I think the actual directions direct you to soak them in clean water for a bit before use but I just run the water right through the pads and have never had a problem that way.

BTW I only ever use the #2 pads


----------



## DoctorCAD (Mar 13, 2015)

The pads themself cannot change the taste, they are inert. Whatever you put into those pads can affect the taste if you don't get rid of it before filtering. I use only sulfited water and run it until only a fer spits of liquid come out before filtering, don't get any tastes that way.

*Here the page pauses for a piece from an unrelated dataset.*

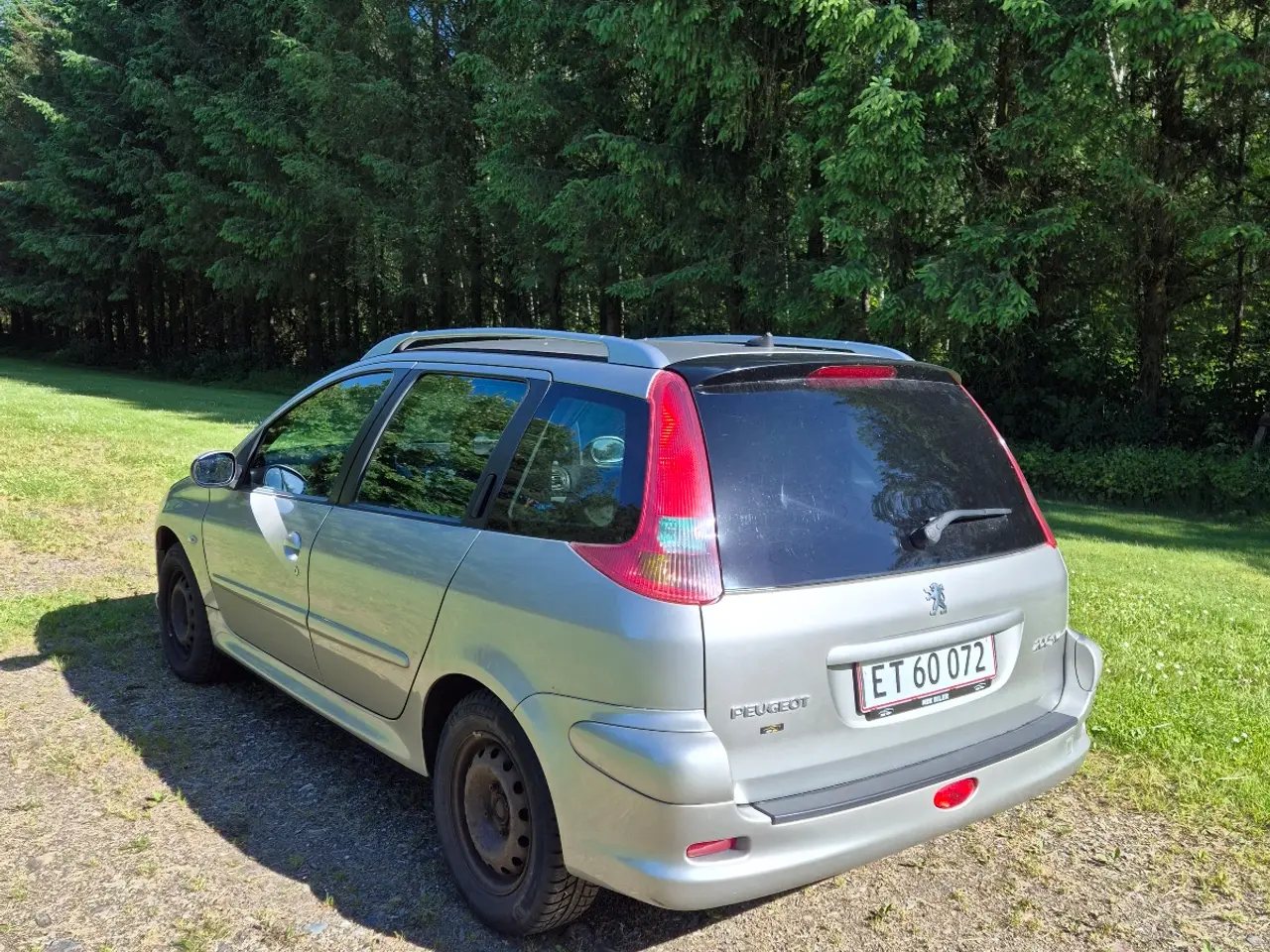 Billede 2 - Fin velholdt peugeot sælges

I also vacuum through the filter instead of push the wine into it, but I doubt that that could be any reason for tastes.


----------



## GreginND (Mar 13, 2015)

My palate is extremely sensitive to the "paper" taste of buon vino filter pads. I can soak them in water, flush them with gallons of citric/meta solution, and I still taste the cellulose in my wine even when others cannot. In a blind tasting I rarely fail to pick out the wines that have been filtered with a buon vino filter.


----------



## grapeman (Mar 13, 2015)

The vinbrite filter is not the same as a Buon Vino filter.


----------



## Turock (Mar 15, 2015)

Well, there's really only a couple of faults that produce soapy taste--either high PH or unresolved slight H2S problems. Sometimes you can have H2S problems that are undetectable by aroma.


----------



## hwnsharklvr (Apr 2, 2015)

*soapy taste and smell after filtering with a buno mini jet*

same thing just happened to me and it is the filter,

I have a million dolor contract to present tomorrow and wanted to do a final filter of my wine before I presented it.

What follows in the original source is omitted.